COLLECTED MATERIAL:
————————
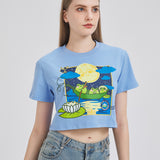 Moon Lotus Frog Cropped T-shirt Nichesou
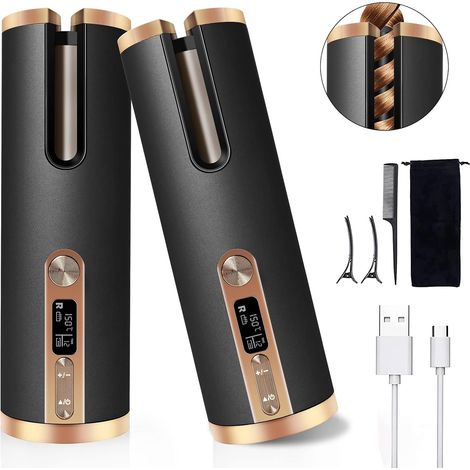 1 articl Fer à Friser Automatique Sans Fil, Fer à Friser sans Fil Portables avec Écran LCD, Bigoudi Rechargeable par USB, Température Réglable, Boucleur Céramique Chauffage Rapide, Anti-brûlure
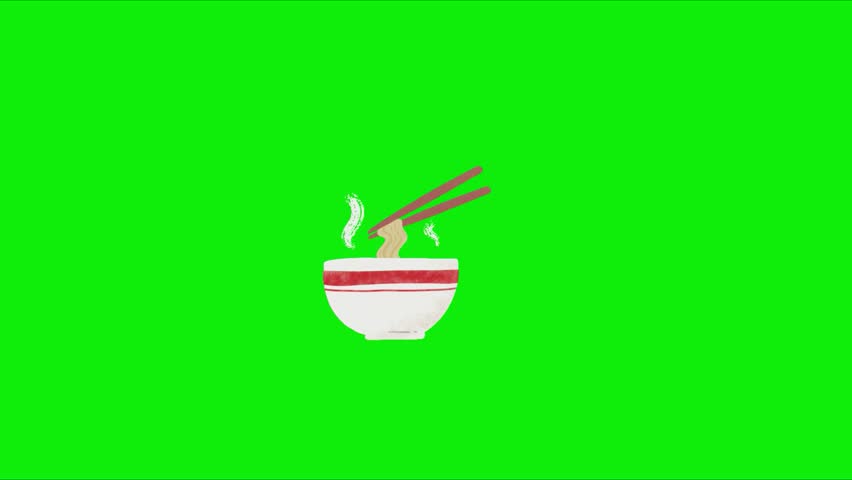 Noodle. Animation, green screen background. 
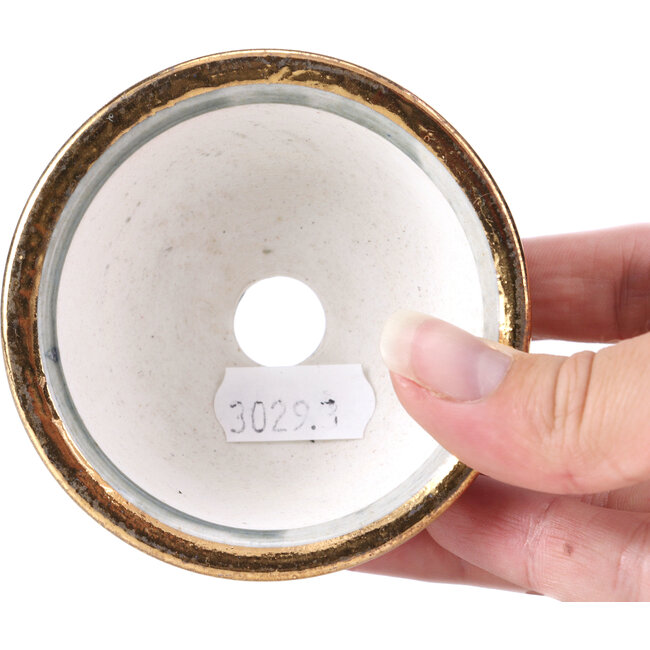 Vaso per bonsai rotondo grigio di Shoseki - 80 x 80 x 40 mm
————————
All of the material above should be reproduced exactly, except the pictures.

RESPONSE TO THE TASK:
 Moon Lotus Frog Cropped T-shirt Nichesou
 1 articl Fer à Friser Automatique Sans Fil, Fer à Friser sans Fil Portables avec Écran LCD, Bigoudi Rechargeable par USB, Température Réglable, Boucleur Céramique Chauffage Rapide, Anti-brûlure
 Noodle. Animation, green screen background. 
 Vaso per bonsai rotondo grigio di Shoseki - 80 x 80 x 40 mm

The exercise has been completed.